## Your objective:
Output exactly, in the material below, the lines from the one with "The no1 is the" through the one with "肝臓の腫大、四肢に丘疹・紅斑が出現します 現在ではまれになりました". Omit all pictures.

## Task material:
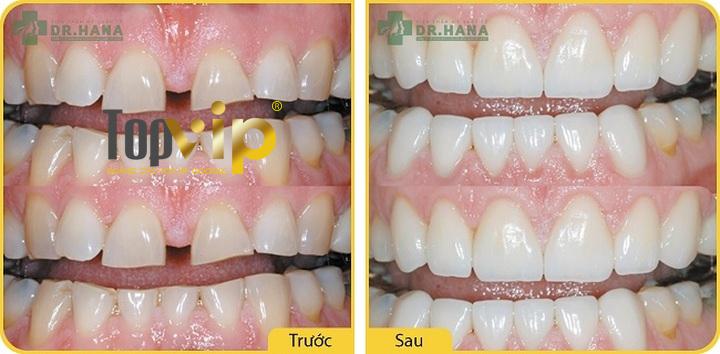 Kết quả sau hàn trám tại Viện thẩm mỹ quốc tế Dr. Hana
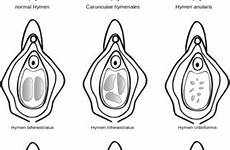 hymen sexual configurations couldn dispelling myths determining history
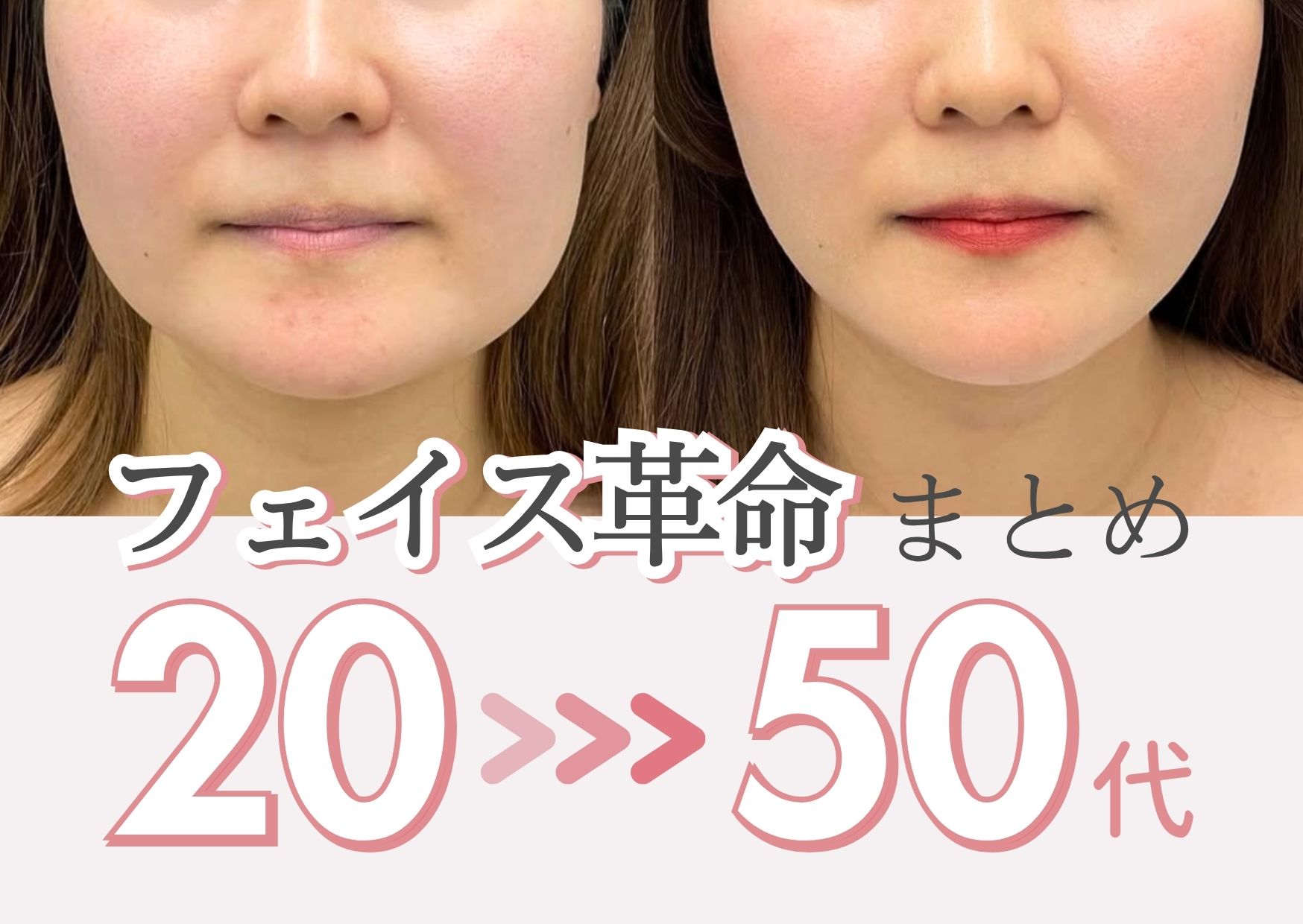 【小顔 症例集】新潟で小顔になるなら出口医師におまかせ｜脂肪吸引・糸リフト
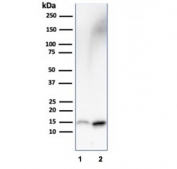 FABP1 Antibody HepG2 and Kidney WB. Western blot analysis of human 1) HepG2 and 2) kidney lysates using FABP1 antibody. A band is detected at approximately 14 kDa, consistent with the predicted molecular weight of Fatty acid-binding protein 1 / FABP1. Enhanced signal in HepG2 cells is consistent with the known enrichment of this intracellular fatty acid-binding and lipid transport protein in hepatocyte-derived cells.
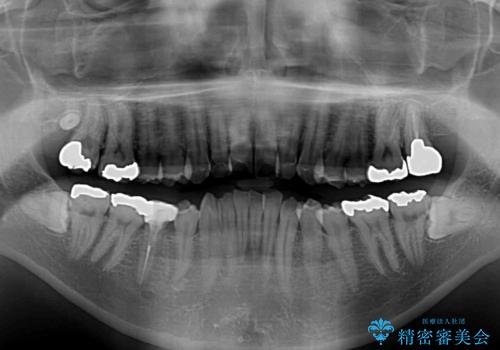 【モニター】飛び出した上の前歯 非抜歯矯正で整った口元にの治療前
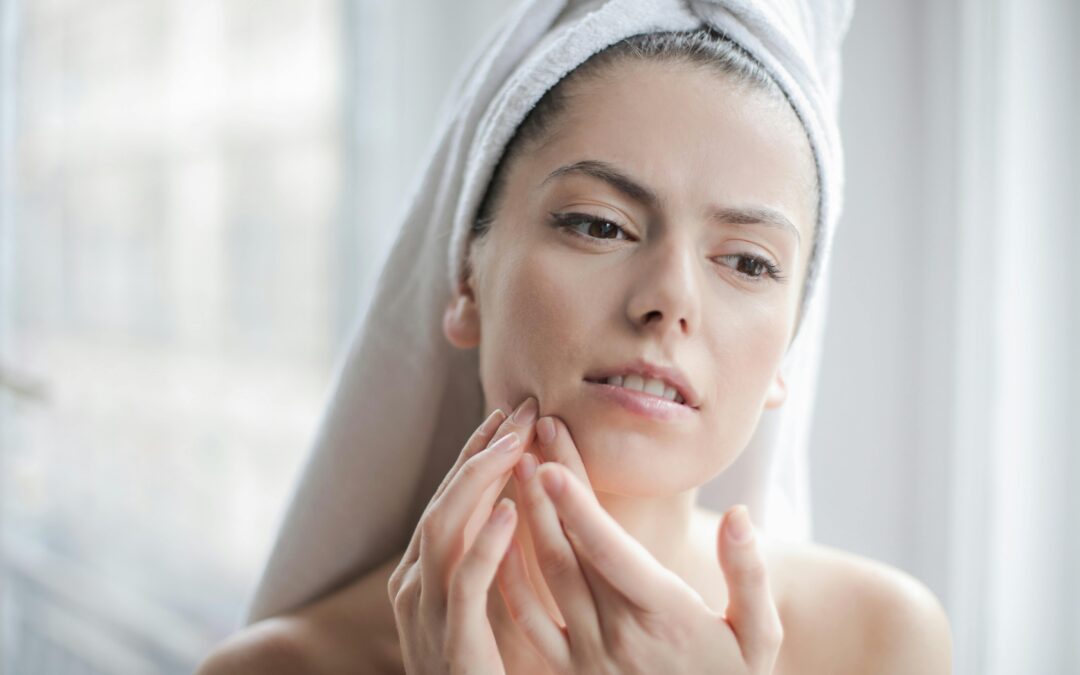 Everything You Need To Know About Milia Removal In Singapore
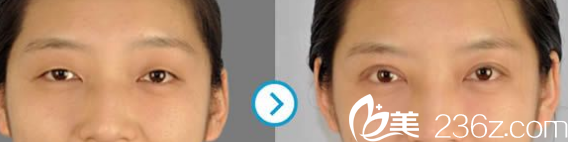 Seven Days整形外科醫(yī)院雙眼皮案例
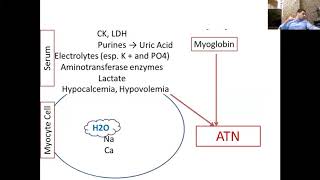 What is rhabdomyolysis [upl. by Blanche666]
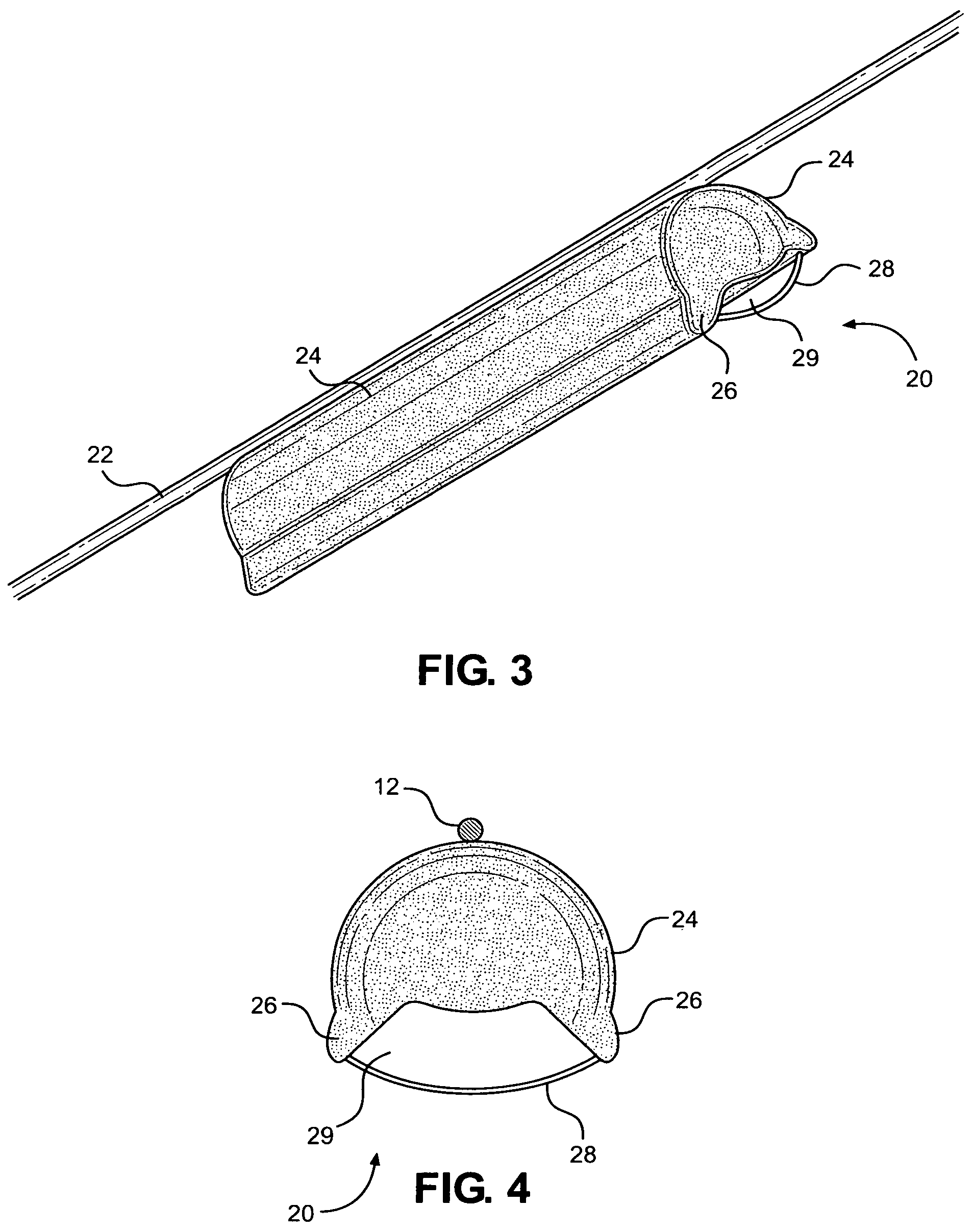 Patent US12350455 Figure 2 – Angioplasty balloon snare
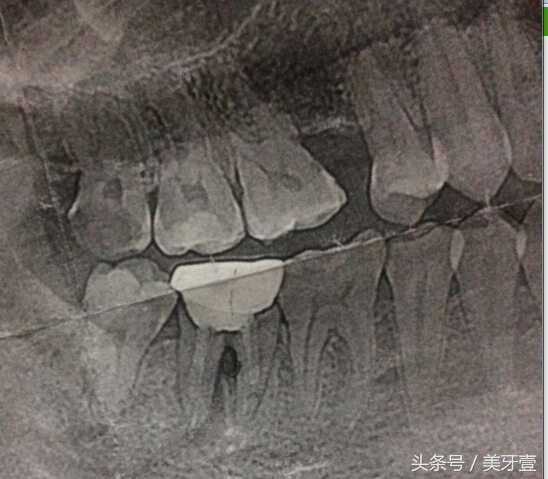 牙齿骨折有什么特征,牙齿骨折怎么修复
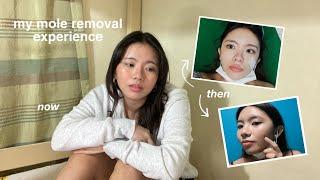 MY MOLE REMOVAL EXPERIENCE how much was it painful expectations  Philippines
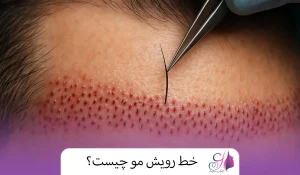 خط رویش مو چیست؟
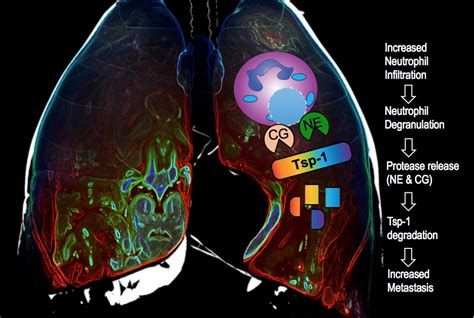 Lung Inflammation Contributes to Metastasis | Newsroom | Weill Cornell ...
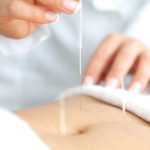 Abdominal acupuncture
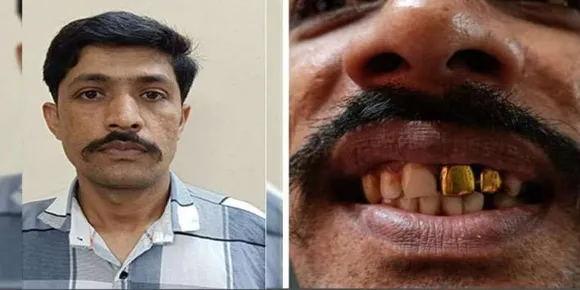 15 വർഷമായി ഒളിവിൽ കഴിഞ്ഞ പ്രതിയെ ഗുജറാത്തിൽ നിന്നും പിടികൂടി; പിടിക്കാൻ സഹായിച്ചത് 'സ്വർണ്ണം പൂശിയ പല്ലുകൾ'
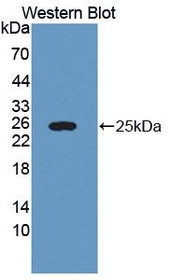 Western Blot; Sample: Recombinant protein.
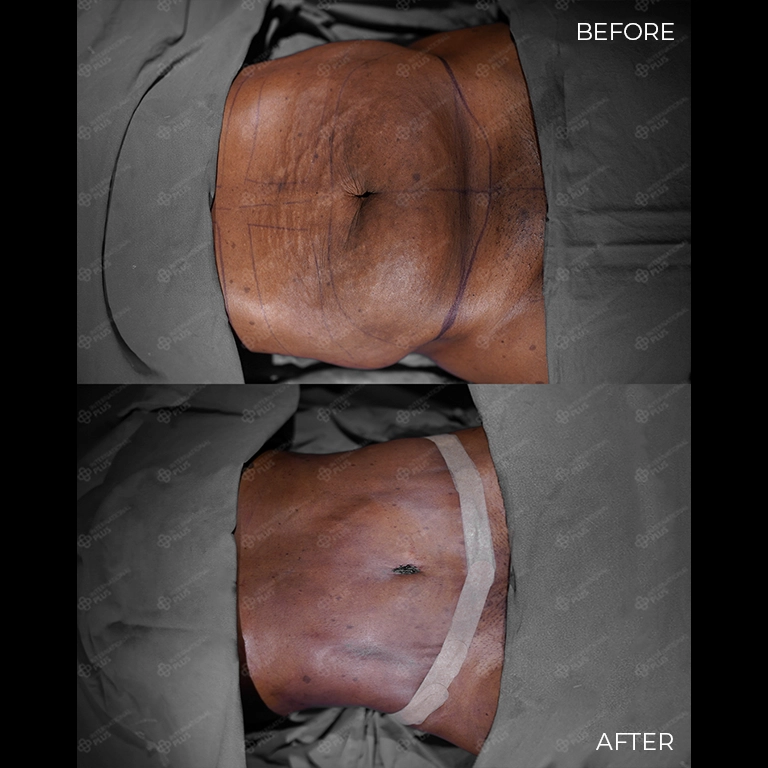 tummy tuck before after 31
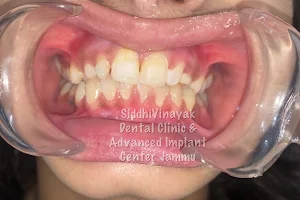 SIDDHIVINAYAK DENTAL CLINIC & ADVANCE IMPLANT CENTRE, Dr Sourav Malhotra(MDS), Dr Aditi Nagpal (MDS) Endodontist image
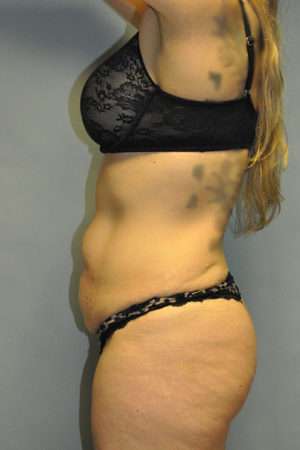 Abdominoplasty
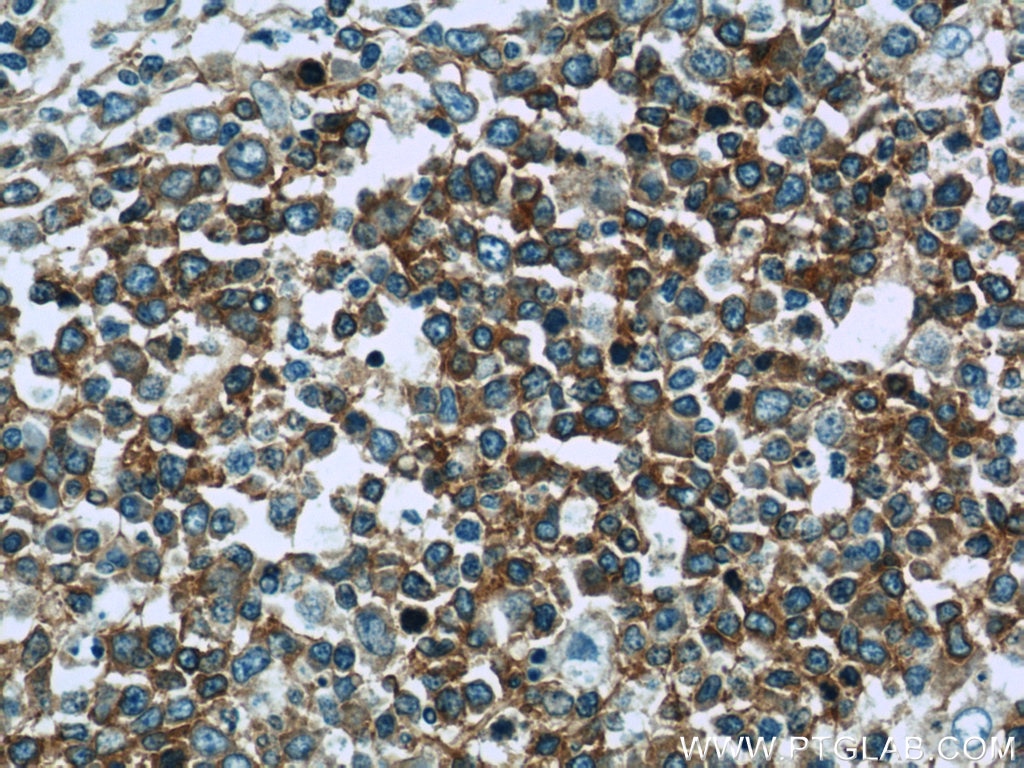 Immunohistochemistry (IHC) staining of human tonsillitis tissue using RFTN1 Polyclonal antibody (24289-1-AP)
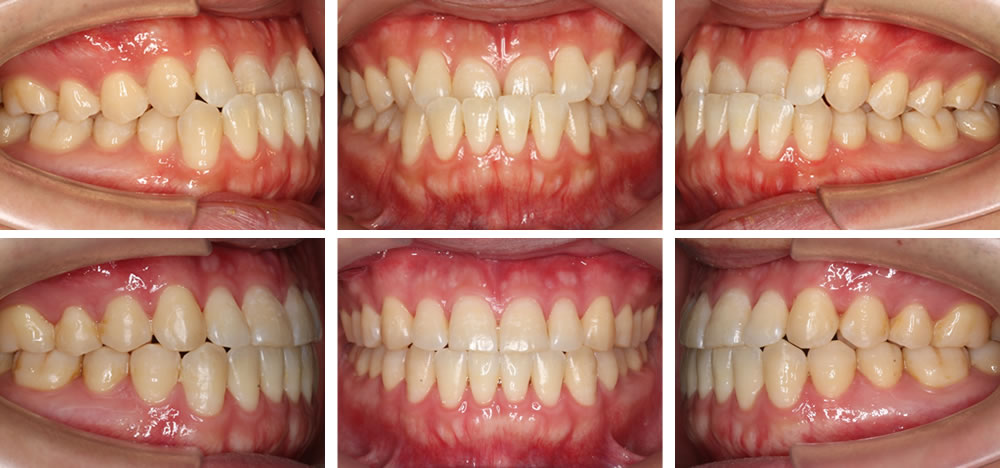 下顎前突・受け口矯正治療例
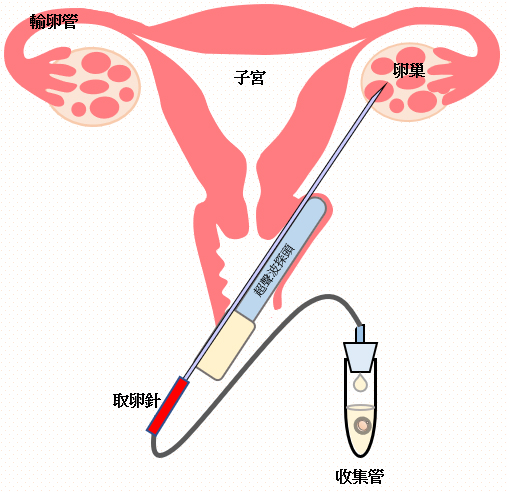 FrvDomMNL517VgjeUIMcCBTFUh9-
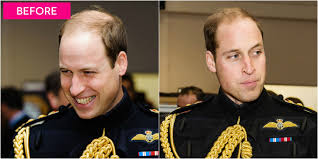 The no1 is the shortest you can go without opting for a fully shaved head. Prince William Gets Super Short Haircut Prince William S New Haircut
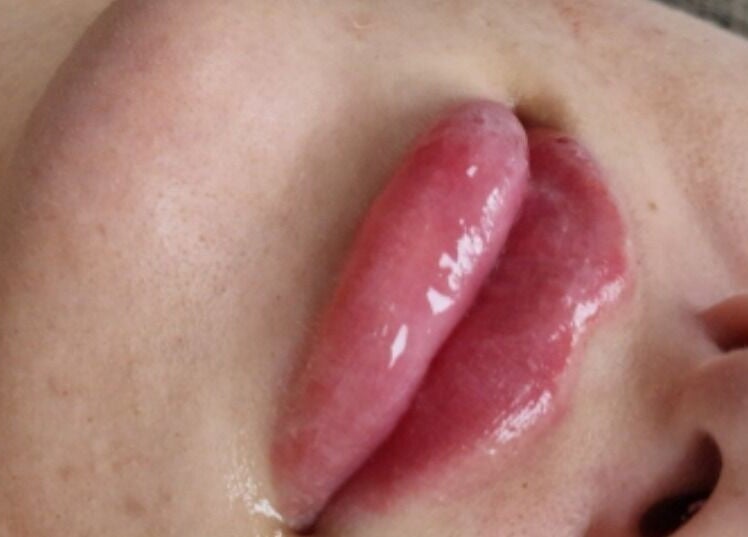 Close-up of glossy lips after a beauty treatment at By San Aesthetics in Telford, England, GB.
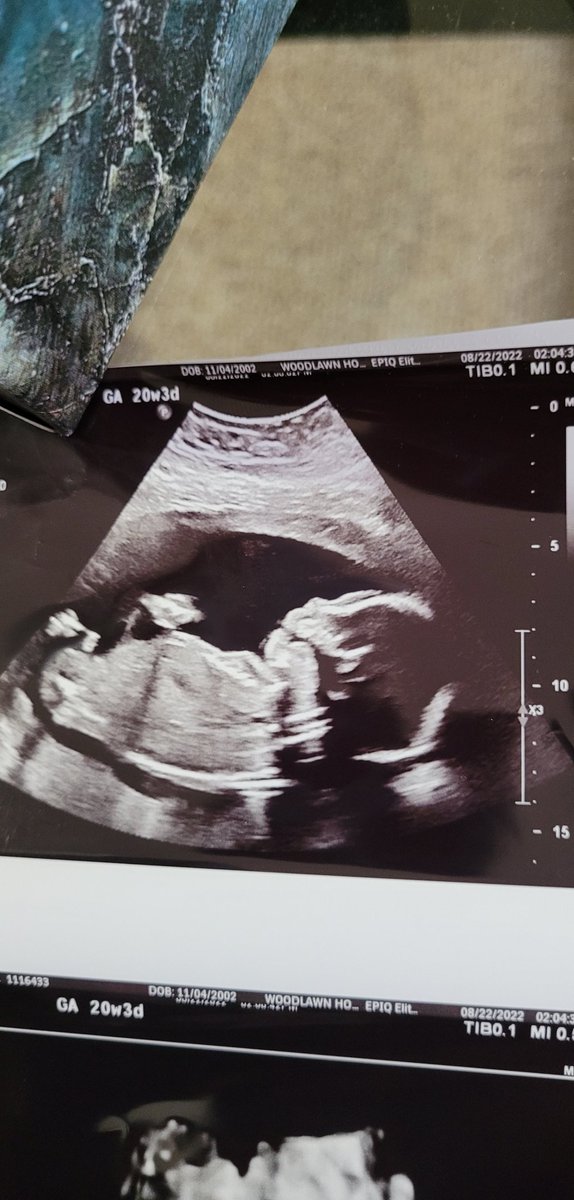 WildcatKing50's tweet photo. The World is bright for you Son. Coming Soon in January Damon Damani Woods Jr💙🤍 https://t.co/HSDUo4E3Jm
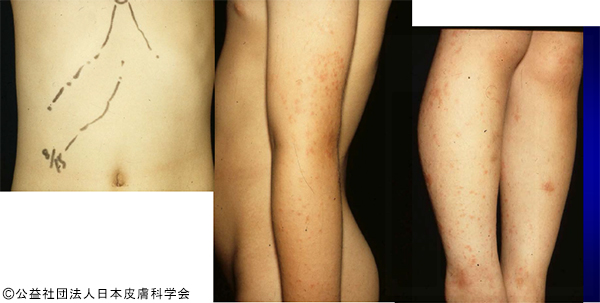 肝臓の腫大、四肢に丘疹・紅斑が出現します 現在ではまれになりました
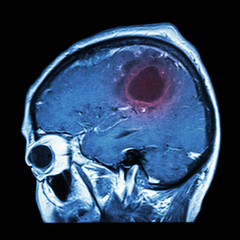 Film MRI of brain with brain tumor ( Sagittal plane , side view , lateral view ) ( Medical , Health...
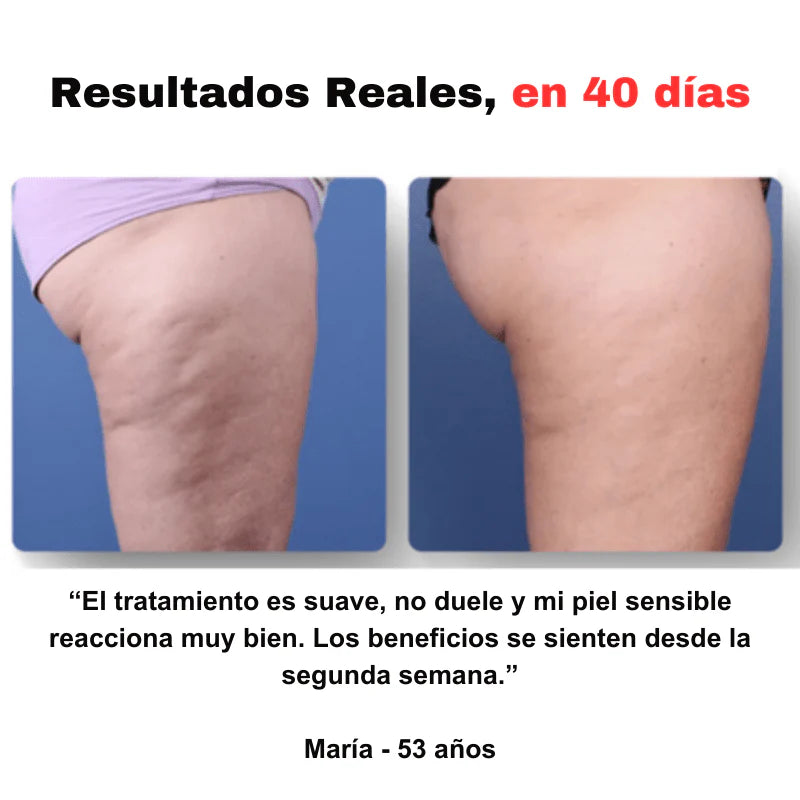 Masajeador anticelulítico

## Solution for this exercise:
 The no1 is the shortest you can go without opting for a fully shaved head. Prince William Gets Super Short Haircut Prince William S New Haircut
 Close-up of glossy lips after a beauty treatment at By San Aesthetics in Telford, England, GB.
 WildcatKing50's tweet photo. The World is bright for you Son. Coming Soon in January Damon Damani Woods Jr💙🤍 https://t.co/HSDUo4E3Jm
 肝臓の腫大、四肢に丘疹・紅斑が出現します 現在ではまれになりました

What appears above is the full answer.